Pots are common symbols in Patel's work. It can intimate the body as a vessel and, indirectly, knowledge or enlightenment as a pour-able substance. Often you will see heads or bodies carved out, hollowed and made into a pouring jug or a space ready for filling. This sense of the body as intermediary space relates to the Hindu concept of the body as a vehicle for the soul, replaceable and inconsequential. Male characters in his work almost always refer to his spiritual teachers or else to himself as an embodiment of the message of these teachers. They can be spotted easily in his drawings as they have an archetypal wise old sage appearance: they have long beards and the withered look of being burdened with great knowledge. Often they are hidden, found in the outline of a pot or veiled in the wispy mark-making. "He is me in a way. I exist in the meditative process. It is not that I am wise or sage-like. But rather that I have so much association with my gurus in the world that they are inseparable. When I think of myself, I see them. When I draw them, I draw myself."

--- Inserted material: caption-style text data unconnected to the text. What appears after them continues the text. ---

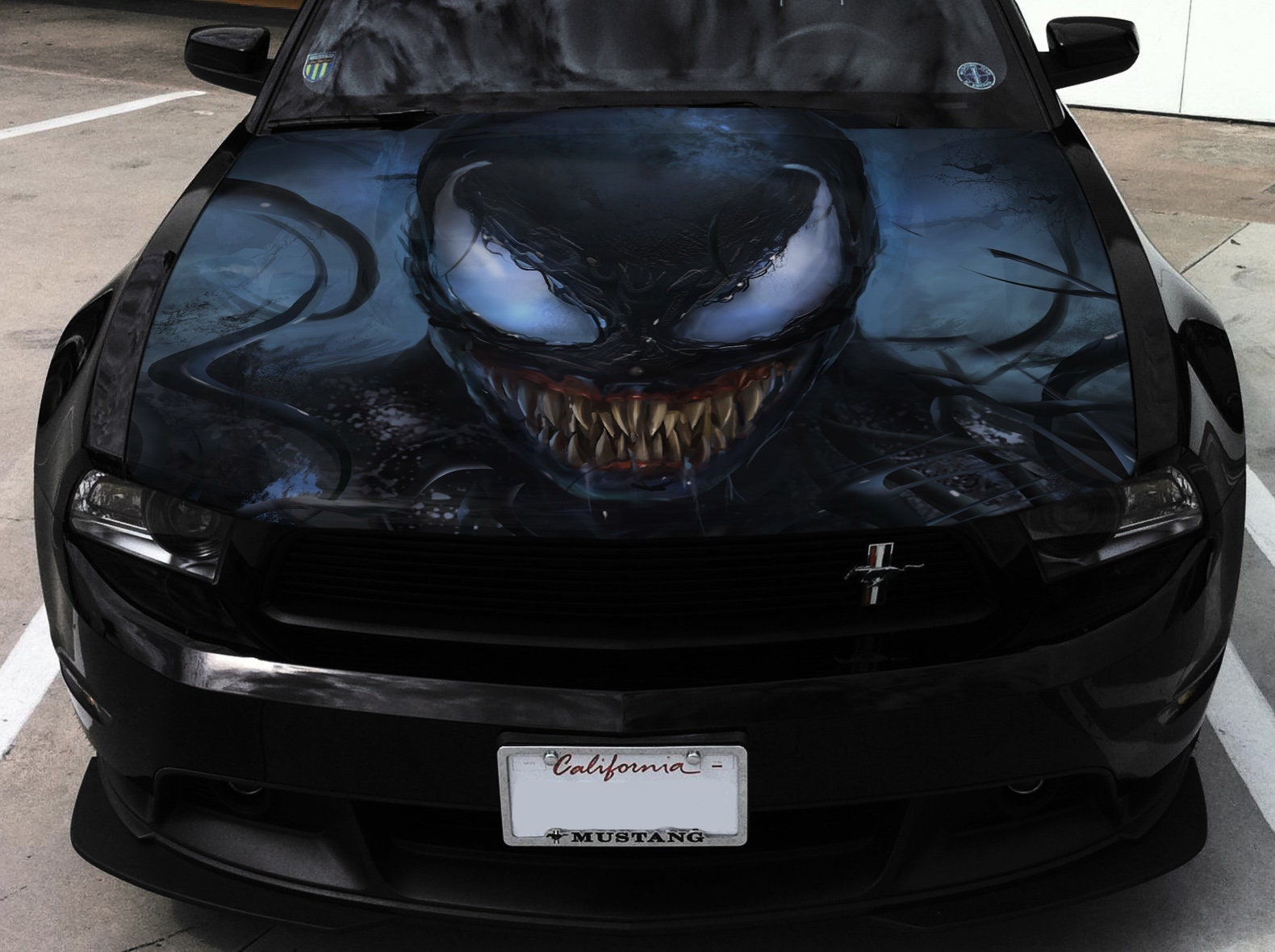 Vinyl Car Hood Wrap Full Color Graphics Decal Venom Grin Eddie Etsy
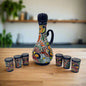 Talavera Decanter with 6 Shot Glasses | Hand-Painted Mexican Set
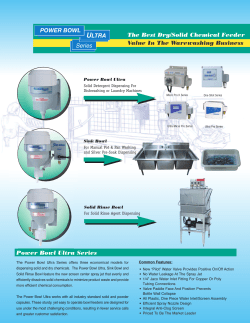 The Best Dry/Solid Chemical Feeder Value In The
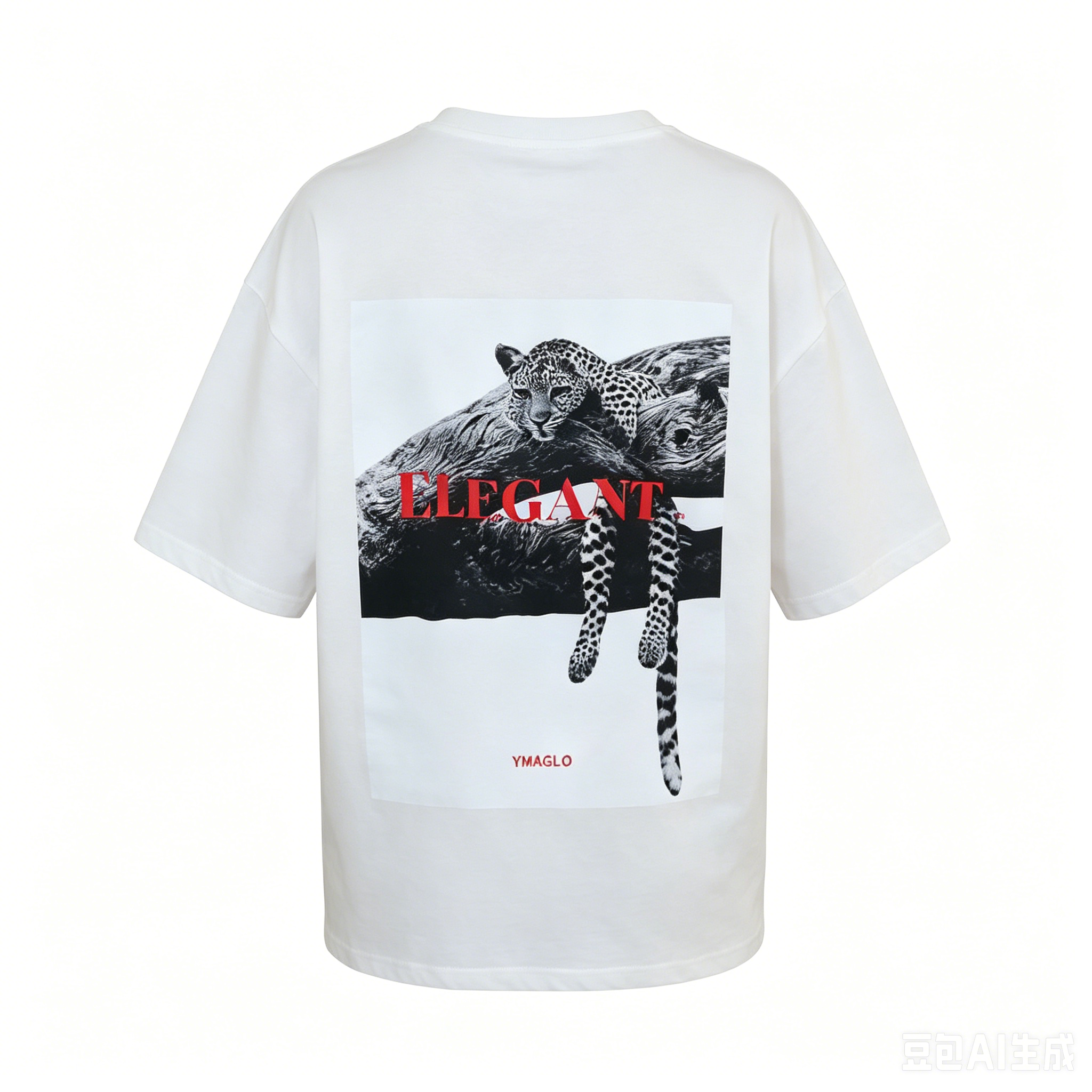 Minimalist White Tee with Blac - Streetwear Brand Graphic Designer ulasan dan harga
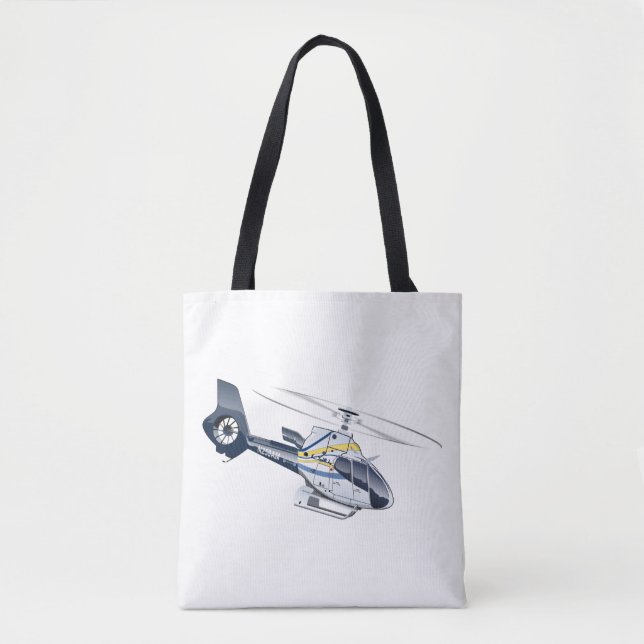 Tote Bag Hélicoptère de dessin (Devant)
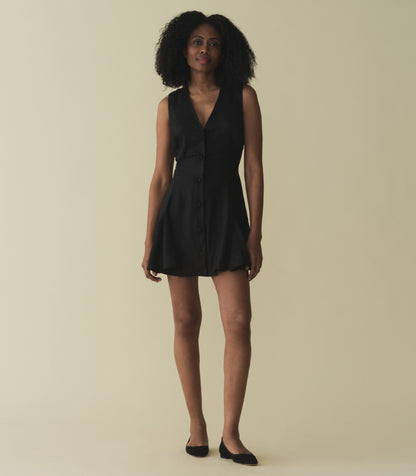 AUBREY DRESS -- BLACK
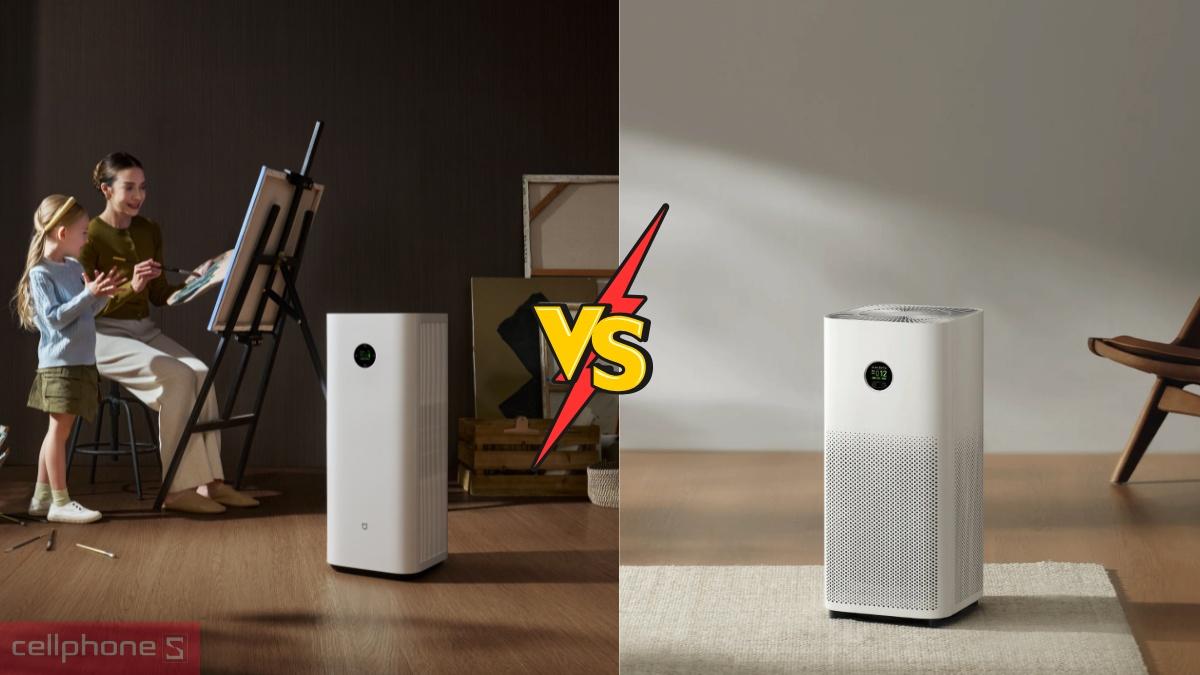 So sánh máy lọc không khí Xiaomi Smart Air Purifier 6 Plus với bản tiêu chuẩn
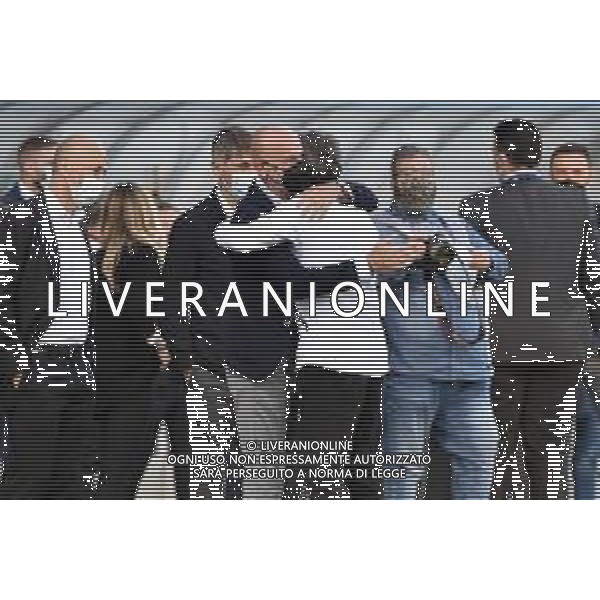 ¬© TVRG l\'abbraccio tra Stefano Pioli SX e Maurizio Ganz DX prima della gara Milan vs Roma finale Coppa Italia femminile Timvision Mapei Stadium - Stadio Citta\' del Tricolore Reggio Emilia 30-05-2021 foto Roberto Garavaglia/ag. Aldo Liverani sas/ AGENZIA ALDO LIVERANI SAS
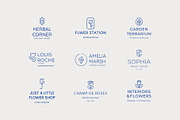 Botanical Logo Kit, a Branding & Logo Template by Paulina Sara Design (Thumbnail 7 of 11)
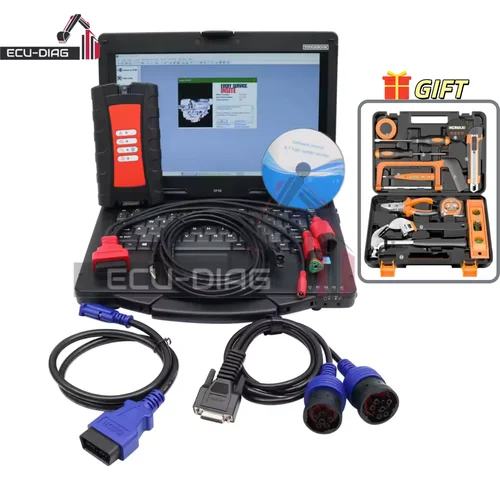 Adaptador de enlace de datos de Software WIFI en línea 7 insite 8,7 para herramienta de diagnóstico CUMMINS herramienta de servicio de camión de motor CMS 5572620con ordenador portátil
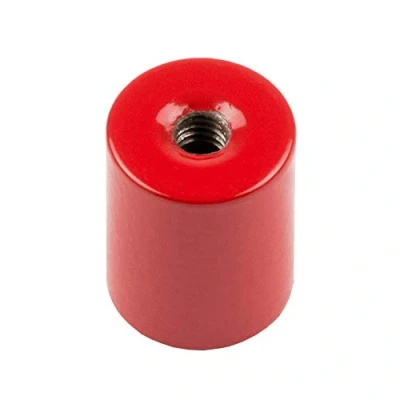 Image of Alnico Deep Pot Magnet for High Temperature, Engineering, and Manufacturing Applications 12.7mm dia x 16mm thick c/w M3 threaded hole 2kg Pull Pack of 4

With the theme of communion is the element of circularity. The imagery within any Patel drawing often has a narrative line describing an endless energy flow from one body to another and back again. His meditative state like his pencil on the paper, is not static but progressive, moving forward, realising new dimensions of understanding and formation. Like a wheel rolling down a muddy road though, rather than taking on further dirt, relieving itself of the mud as it rolls further along the path. Such a concept of circularity clearly finds roots in Hindu philosophy of reincarnation and karma. Patel is interested in memory pattern the memories, the spiritual comprehensions, ways of living we take with us into our next lives. One might assume therefore that the tendrils and tentacles of minute pencil marks that connect one body to another in his drawings symbolically represent this transference of energy, memory, meaning and spiritual enquiry. Likewise the transfiguration, distortion and evolution of reality can be read as the visual representation of the world changed during such spiritual transference or communion.


Critic, Shivaji K. Panikkar states that 'Ashok Patel's work is a pointer to a mammoth art world in the country [India], distinct from the most avant garde artist/intellectual groups. His work is a return to India's spiritual centre, aiming to lift the soul, give hope and subtract the distrust from our lives.' Within this arena of artistic interest, it is the best of its kind. For the artist, it is the appreciation of his work that is most important. As it has been aptly put: 'His drawings and sculpture were never about the profession of art but the medium through which he continuously affirmed his search for non-identity.' His art thus is not about him. Patel is concerned only with contributing to human consciousness. Patel states: "I never claim ownership of my work because it is owned by whoever looks at it. They will get even more from it than me. They need not have created the work to gather from it its meaning. I dont have to learn the sitar to understand it. If I attune myself to the sitar I believe I can pass through the fingers of the sitarist and go further into the sound than he. I want the viewer to do the same. Treat me, the artist, as just a landmark on a journey into the work." In this soft manner, Ashok Patel is not a preacher but a bearer of an invitation, a kind invite to join him under the same banyan tree that has awarded him such shade of happiness, comfort and trust. In this cynical world, the offer is certainly alluring.